Kansas Wheat Growers Ass'n v. Loehr

118 Kan. 248 | Kan. | 1925

The opinion of the court was delivered by

Burch, J.:

The action was one by the Kansas Wheat Growers Association for an injunction to restrain one of its members from ■disposing of his wheat crop to any one except the association, and to recover stipulated damages for wheat disposed of contrary to the member’s marketing agreement with the association. Defendant prevailed, and plaintiff appeals.

The purpose of the association and the general nature of the contract between the association and its members are set forth in the opinion in Wheat Growers Association v. Schulte, 113 Kan. 672, 216 Pac. 311. In Wheat Growers Association v. Floyd, 116 Kan. 522, 227 Pac. 336, it was held, in accordance with elementary principles of law, that rights of a holder of a chattel mortgage of a member’s crop, taken with notice of the member’s contract with the association, are inferior to rights of the association. In this case, the member’s wheat crop for 1922 amounted to 1,200 bushels, net to him. The entire crop was used to satisfy a chattel mortgage given without notice to the association, and given to a bank having no notice of the member’s contract with the association. This contract has the same sanctity as any other contract fairly made between competent parties, and the court erred in not rendering judgment for plaintiff for the stipulated damages resulting from breach of the contract with respect to the 1922 crop.

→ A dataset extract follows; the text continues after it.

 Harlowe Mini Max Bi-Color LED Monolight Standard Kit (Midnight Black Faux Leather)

The member’s 1923 crop amounted to 1,200 bushels, and there is no controversy over 400 bushels disposed of for use as seed. The crop was mortgaged to a bank having no notice of the member’s contract with the association. Part of the crop has been sold by the bank, and the member desires to deliver to the bank the remainder, 350 bushels, still in his possession, to apply on the mortgage. Since legal title to the wheat has passed to an innocent purchaser, the chattel mortgagee, the member has deprived himself of power to fulfill his contract, made in 1921, to deliver all his 1923 wheat crop to the association. So far as the member is concerned, the association is entitled to an injunction against delivery of the *250wheat to the chattel mortgagee. The association, however, does not desire to take up the mortgage, which amounts to more than the value of the wheat, and the mortgagee is entitled to resort to replevin. Therefore, a permanent injunction would serve no equitable purpose. Since the member withholds the wheat from the association for delivery to the chattel mortgagee, he must pay the stipulated damages.

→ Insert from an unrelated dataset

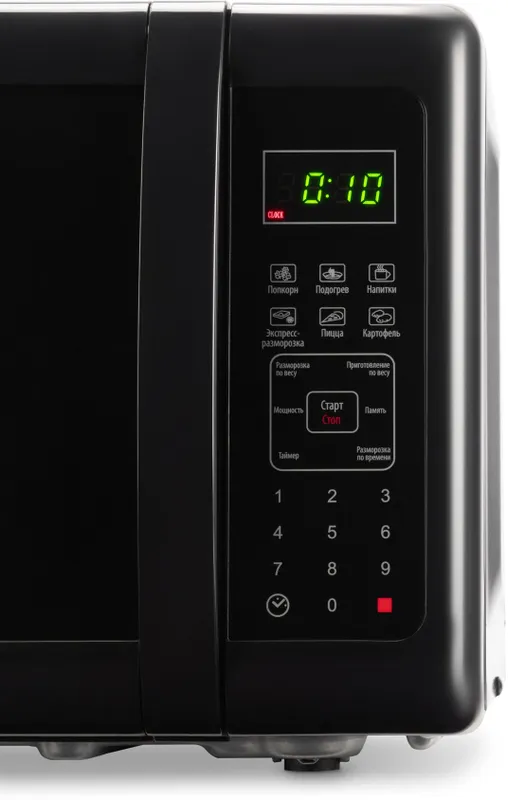 Микроволновая Печь SunWind SUN-MW007 20л. 700Вт черный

The member testified that when he was threshing his 1922 crop he had a conversation with Mr. Wilson. It is said in the member’s brief that Mr. Wilson was an agent of the association, but there is no testimony to that effect, and there is no testimony regarding the extent of Wilson’s authority, if. he had any. The conversation follows:

“I asked him if I needed any money on this year’s crop what I should do, and he told me to go ahead and do the same thing; that they couldn’t advance me any money.”

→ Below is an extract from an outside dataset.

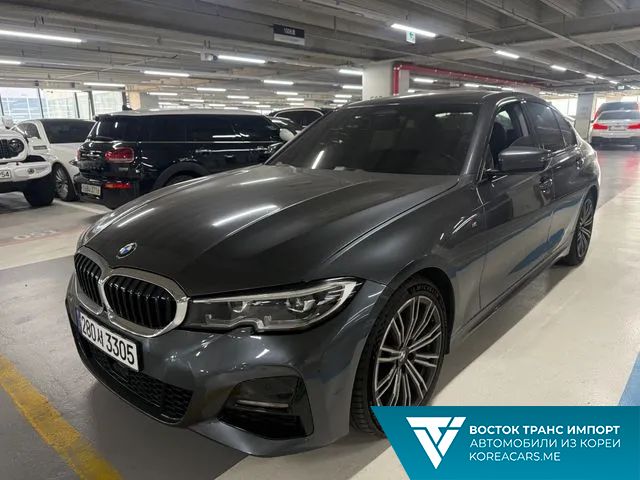 BMW 3-Series 2021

The contract does not provide for advance payment except after delivery of wheat; the only reference in the answer to the subject of advance payment is a statement that the association represented it would advance 60 per cent of the market price at the time of delivery of wheat to the association; the conversation did not relate to an advancement on deliverable wheat; and the court properly made no reference to the subject of the conversation in its findings of fact.

The judgment of the district court denying an injunction is affirmed. The judgment denying damages to plaintiff is reversed, and the cause is remanded with direction to render judgment as indicated in this opinion.